One of the most debilitating forms of church politics, involves attempts to gain the favour of the most important person or persons in the church. The reasoning behind that is one of pride and recognition. This could be part of the problem in the Corinthian church when some members say, "I am of Paul", and others, "I am of Apollos" and others, "I am of Cephas" (1 Cor 1:12). This is a problem which is especially rampant in large churches where the pastor is practically the only one who makes decision or exercises authority in the church. When this happens there will inevitably be members who will style themselves as being the ‘informants’ of the pastor: to keep the pastor abreast with what is going on in the church. This may not be all that bad except that frequently, these ‘informants’ give biased information to the pastors which may cause the pastor to look upon them favourably as they also look upon other faithful members in the church with disfavour or suspicion.
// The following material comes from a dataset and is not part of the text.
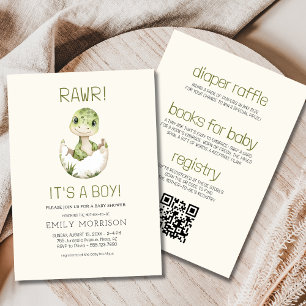 Invitation Tout en un C'est un garçon Dinosaure Baby Boho Dou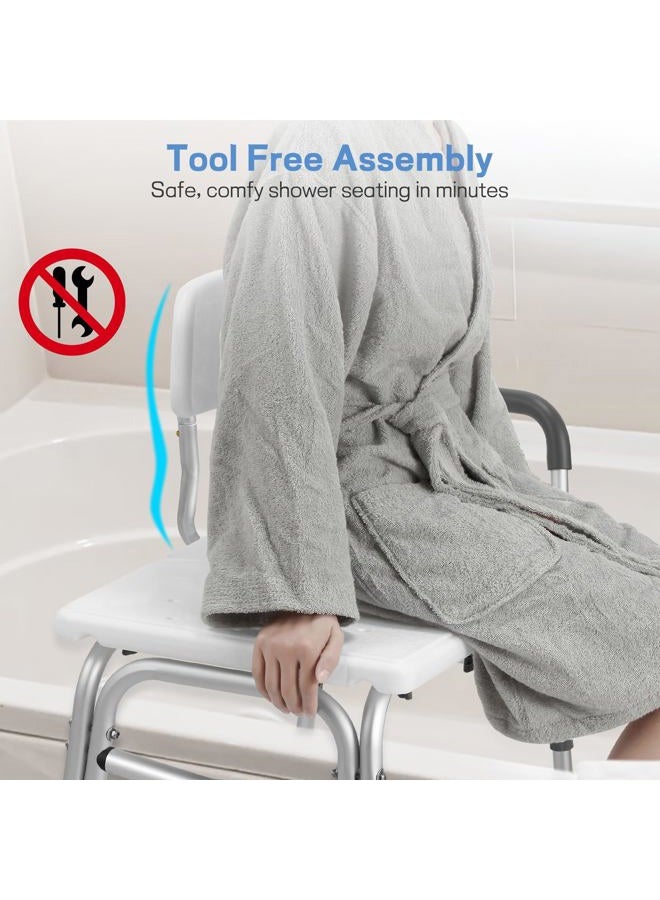 TABEKE 500lb Heavy Duty Shower Bench, Tool-Free Tub Transfer Bench with Arms & Back, Height Adjustable Handicap Shower Seat, Non-Slip Bath Safety Chair for Elderly & Surgery Recovery - Image 3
How do we overcome or avoid such a unhealthy ecclesiastical situation? Firstly, of course, there must be a conscious effort by the pastor and members to discourage such politicking. However close the pastor may be to some members in the church, he should treat what is said about other members of the flock according to the third point above. Secondly, it may be wise not to allow the church to grow too big. What happens when the church grows too big? It believe that rather than adding assistant pastors, associate pastors etc, it may be better for the church to form separate congregations in which the members may be more intimately ministered unto.
Beloved, church politics, or in Biblical terms, —debates, envyings, wraths, strifes, backbitings, whisperings, divisions, evil surmisings, talebearing, favouritisms (2Cor 12:20; 1Cor 3:3; 1Tm 6:4, etc) provide the foothold for Satan to create trouble in the church, to diminish the testimony of the church and to make "the heart of the righteous sad" (Eph 4:27; Ezk 13:22). May the Lord deliver us from such as we make a conscious effort individually and corporately to eradicate it. Church politics is not inevitable! Until the day we are presented as a pure and spotless bride to Christ, may we seek to maintain such a purity that as a church we may bear glorious witness to the name of our Lord and Saviour Jesus Christ.